Le 7 mars 2011, Harouna Coulibaly, élève de la neuvième année, trouve la mort dans des circonstances qui émeuvent tout le Mali. Depuis, les choses s’empirent. Le lundi 28 mars et le jeudi 31 mars 2011, les jeunes de la cité, soudainement secoués, manifestent pour se plaindre de la lassitude, voire de l’incurie des autorités. Les évènements sont tels que le ministre de l’Administration territoriale et des collectivités locales, Général Kafougouna Koné, en vient à se rendre à Koulikoro. Il enregistrera plusieurs doléances, toutes pertinentes les unes que les autres, en ce qui concerne les équipements pour la ville, les infrastructures pour l’épanouissement des jeunes (écoles, stades sportifs, etc.). On se rend compte subitement (pourtant on le savait parce qu’on vivait là) que Koulikoro, capitale régionale à trente minutes de voiture de Bamako, n’a même pas les commodités des villes secondaires comme Bougouni et Koutiala.
Les revendications formulées sont toutes légitimes. Mais, pour moi, l’arbre ne doit pas cacher la forêt. Le grand problème de Koulikoro, c’est la gouvernance locale. Il est beaucoup plus prégnant aujourd’hui plus qu’hier. Vous savez, lorsque l’on confie une cité à des gens qui ont peu souci de son bien-être, elle devient n’importe quoi. Tout le monde sait aujourd’hui que ce qui handicape gravement aujourd’hui la marche en avant de Koulikoro, c’est la boulimie financière du gouverneur Soungalo Bouaré, laquelle gourmandise matérielle est en permanence assouvie par des spéculations foncières que l’on ne connaît nulle part au Mali.
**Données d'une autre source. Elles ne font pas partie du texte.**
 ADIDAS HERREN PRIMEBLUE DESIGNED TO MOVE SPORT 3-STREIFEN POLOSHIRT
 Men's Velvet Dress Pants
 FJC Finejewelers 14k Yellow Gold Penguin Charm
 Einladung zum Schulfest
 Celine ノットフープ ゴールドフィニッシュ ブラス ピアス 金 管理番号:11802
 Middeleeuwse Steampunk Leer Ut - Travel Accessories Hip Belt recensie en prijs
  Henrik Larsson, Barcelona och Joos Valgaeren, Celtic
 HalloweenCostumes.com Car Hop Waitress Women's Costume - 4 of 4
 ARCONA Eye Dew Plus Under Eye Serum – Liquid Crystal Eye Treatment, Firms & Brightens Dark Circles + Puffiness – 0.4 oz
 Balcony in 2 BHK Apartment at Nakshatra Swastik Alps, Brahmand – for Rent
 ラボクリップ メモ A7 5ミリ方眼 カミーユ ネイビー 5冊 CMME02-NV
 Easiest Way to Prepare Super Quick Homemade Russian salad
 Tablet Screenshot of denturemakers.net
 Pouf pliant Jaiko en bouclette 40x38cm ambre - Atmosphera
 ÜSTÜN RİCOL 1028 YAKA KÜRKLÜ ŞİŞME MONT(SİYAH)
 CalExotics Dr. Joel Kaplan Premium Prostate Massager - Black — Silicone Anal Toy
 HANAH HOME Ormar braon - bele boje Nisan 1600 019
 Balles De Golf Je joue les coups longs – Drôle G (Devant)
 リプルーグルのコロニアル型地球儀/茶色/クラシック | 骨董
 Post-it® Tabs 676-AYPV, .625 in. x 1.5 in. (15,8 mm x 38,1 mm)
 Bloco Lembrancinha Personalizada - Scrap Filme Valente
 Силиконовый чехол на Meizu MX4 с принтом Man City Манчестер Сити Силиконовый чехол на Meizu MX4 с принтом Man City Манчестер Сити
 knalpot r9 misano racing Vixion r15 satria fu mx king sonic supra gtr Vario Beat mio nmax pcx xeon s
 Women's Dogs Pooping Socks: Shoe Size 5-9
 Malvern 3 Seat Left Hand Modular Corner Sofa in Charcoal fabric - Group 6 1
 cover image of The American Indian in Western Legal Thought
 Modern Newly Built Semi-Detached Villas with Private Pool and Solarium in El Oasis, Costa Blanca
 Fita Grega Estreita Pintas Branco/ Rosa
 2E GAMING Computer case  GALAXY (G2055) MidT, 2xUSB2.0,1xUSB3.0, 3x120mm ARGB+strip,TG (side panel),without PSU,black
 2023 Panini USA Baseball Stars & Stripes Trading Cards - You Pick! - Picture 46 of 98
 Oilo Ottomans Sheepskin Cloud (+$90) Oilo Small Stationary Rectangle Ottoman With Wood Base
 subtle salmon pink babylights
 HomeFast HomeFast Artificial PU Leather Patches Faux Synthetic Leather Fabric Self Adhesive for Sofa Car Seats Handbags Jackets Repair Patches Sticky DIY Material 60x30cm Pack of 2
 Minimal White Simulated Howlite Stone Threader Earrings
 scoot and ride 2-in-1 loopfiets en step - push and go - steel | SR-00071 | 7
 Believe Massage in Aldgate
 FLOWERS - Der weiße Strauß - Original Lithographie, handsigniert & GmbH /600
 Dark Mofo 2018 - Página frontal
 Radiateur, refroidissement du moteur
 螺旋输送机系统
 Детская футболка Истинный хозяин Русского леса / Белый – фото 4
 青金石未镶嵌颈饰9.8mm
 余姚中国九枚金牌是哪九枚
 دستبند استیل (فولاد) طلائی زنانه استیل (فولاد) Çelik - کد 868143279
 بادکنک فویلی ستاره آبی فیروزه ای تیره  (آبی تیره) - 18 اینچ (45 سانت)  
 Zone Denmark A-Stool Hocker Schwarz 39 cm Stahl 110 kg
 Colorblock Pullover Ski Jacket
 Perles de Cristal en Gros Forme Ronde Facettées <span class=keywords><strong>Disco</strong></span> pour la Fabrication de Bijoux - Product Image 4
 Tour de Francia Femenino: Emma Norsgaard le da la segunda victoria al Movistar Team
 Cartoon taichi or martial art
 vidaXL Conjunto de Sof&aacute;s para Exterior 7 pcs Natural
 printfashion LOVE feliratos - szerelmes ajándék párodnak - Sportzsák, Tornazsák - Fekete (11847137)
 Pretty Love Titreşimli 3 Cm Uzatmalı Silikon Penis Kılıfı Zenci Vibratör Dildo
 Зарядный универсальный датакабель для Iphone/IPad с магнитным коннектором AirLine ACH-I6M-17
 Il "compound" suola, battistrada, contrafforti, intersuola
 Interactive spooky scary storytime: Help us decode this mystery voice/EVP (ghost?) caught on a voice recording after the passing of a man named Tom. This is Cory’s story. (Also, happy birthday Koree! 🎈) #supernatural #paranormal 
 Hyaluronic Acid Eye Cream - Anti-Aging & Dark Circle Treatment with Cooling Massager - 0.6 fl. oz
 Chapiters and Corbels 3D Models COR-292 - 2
Pour s’en convaincre, il suffit de mandater une équipe d’enquêteurs compétents et consciencieux pour faire le point des diverses malversations foncières dont la région est le théâtre. On pourra aussi tout autant envoyer une commission parlementaire que les résultats seraient les mêmes. C’est clair, Koulikoro est la capitale de la spéculation foncière au Mali. Trois personnages principaux se distinguent tout naturellement. Ce sont le gouverneur Soungalo Bouaré, le préfet de Koulikoro et le préfet de Kati Ibrahima Mamadou Sylla. A eux trois, ils forment le trio infernal des détournements fonciers dans la région. Cela ne va pas sans heurts, sans frictions judiciaires et d’autres formes de conflits non moins graves. Les plus hautes autorités de la République seraient bien inspirées de circonscrire leurs dégâts en les mettant ailleurs. Car leur maintien sur place pourrait banaliser les spéculations foncières avec le risque énorme qu’un nombre de plus en plus élevé de personnes s’y adonnent. Il se peut aussi que les amertumes qui s’accumulent de leur fait viennent bientôt à être mal contenues et qu’elles ne provoquent des violences difficilement contrôlables. Telle est la grande inquiétude du citoyen que je suis. Par devoir et par conscience, je l’exprime publiquement. Au moins ma démarche aura l’avantage d’empêcher certains de dire un jour : « Nous ne savions pas ».